Recently, the Hungate collection of rumen microbial genomes was released [13]. This collection of 501 microbial genomes is the most comprehensive for the rumen microbiome and represents a major step change in our ability to understand the rumen microbiome. In this study, we took advantage of the availability of the Hungate collection, alongside other rumen bacterial genomes deposited in Genbank, to prospect rumen bacterial genomes for genes/proteins which are known to be involved in QS cell to cell communication and to further our understanding of the importance of QS in the rumen. We also confirmed that putative QS genes were expressed by prospecting for these sequences in the largest available rumen metatranscriptome datasets.
Methods
Bacterial genomes used in this study
The bacterial genomes used in this study were obtained both from the Hungate collection (428 bacterial species excluding genomes from archaea, viruses and eukaryotes) (https://genome.jgi.doe.gov/portal/HungateCollection/HungateColl-ection.info.html) (accessed on July 2018) and from Genbank (https://www.ncbi.nlm.nih.gov/genome) (July 2018) [13]. To find the genomes in Genbank, the genomes category in PubMed was searched using the keywords “rumen and bacteria”. Only Genbank results from complete genomes not represented in the Hungate collection were used in this study. The Genbank search produced 20 rumen bacteria genomes, 12 Gram-positive and 8 Gram-negative species. Combined with the 428 bacterial genomes from the Hungate collection, this resulted in genomes from a total of 448 rumen bacteria species, 311 which were Gram-positive, 136 which were Gram-negative and 1 which was Gram stain variable (Additional file 1: Table S1). These were then analysed for genes involved in QS cell to cell communication.
Prospecting genomes for quorum sensing-related proteins
Each of the genomes was re-annotated using PROKKA (using default settings), which uses BLAST+ and Blastp to annotate, and for each genome, the resulting annotations of the predicted protein sequences were searched using semantic approaches [14]. To search for AHL-related genes, the following search terms were prospected: Quorum sensing, autoinducer, AHL, HSL, homoserine lactone, N-acyl homoserine, AHL synthase, RhlI, LuxI, LuxR, LasI, LasR and homoserine lactone efflux protein.
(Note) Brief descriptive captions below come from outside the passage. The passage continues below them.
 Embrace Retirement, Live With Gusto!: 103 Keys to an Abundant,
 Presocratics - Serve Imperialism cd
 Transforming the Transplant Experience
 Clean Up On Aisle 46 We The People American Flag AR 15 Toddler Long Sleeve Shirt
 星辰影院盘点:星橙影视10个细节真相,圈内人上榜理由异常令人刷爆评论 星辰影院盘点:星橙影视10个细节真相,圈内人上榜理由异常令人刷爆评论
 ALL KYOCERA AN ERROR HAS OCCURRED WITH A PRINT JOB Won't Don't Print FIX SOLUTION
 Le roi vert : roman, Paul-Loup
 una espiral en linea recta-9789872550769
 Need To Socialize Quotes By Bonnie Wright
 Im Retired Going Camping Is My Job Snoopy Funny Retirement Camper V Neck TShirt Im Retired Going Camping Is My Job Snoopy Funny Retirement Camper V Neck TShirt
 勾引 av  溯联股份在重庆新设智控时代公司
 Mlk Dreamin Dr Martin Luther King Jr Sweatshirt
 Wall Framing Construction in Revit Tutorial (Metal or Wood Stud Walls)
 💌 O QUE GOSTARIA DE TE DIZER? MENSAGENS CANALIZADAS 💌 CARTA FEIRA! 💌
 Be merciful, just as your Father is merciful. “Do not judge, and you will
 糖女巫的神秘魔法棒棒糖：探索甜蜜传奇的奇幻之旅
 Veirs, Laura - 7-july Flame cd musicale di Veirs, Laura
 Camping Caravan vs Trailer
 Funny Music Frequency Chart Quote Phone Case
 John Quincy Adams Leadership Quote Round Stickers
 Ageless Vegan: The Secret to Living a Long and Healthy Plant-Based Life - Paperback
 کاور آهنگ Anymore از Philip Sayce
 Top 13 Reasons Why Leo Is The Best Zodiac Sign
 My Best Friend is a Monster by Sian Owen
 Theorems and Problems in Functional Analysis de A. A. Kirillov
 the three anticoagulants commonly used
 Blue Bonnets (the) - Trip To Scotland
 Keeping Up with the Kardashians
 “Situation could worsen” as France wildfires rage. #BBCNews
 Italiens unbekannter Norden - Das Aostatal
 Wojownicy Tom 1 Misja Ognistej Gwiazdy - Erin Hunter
To search for AI-2-related genes, the following search terms were prospected: Quorum sensing, autoinducer, LuxS, LuxP, LuxQ, S-ribosylhomocysteine, S-ribosylhomocysteine lyase (full chemical name for Lux S) and AI-2.
Sequence alignment and generation of phylogenetic trees
All LuxS proteins identified from the rumen bacteria were aligned using Mega7 (v. 7.0.26) [15]. A phylogenetic tree was constructed with additional protein genes from Vibrio harveyi (Gram-negative) and Streptococcus pneumoniae (Gram-positive), in which LuxS based on QS system have been well studied, alongside LuxS-based QS proteins previously identified from rumen microbial metagenomics and metatranscriptomic sequences [9], for comparative purposes. Phylogenetic trees were constructed using neighbour-joining clustering method [16]. A bootstrap consensus tree was inferred from 1000 replicates, and branches corresponding to partitions reproduced in less than 50% bootstrap replicates are collapsed. The evolutionary distances were computed using the Poisson correction method and are represented by in number of amino acid substitutions per site. The analysis involved 201 amino acid sequences. All ambiguous positions were removed for each sequence pair. There were a total of 191 positions in the final dataset.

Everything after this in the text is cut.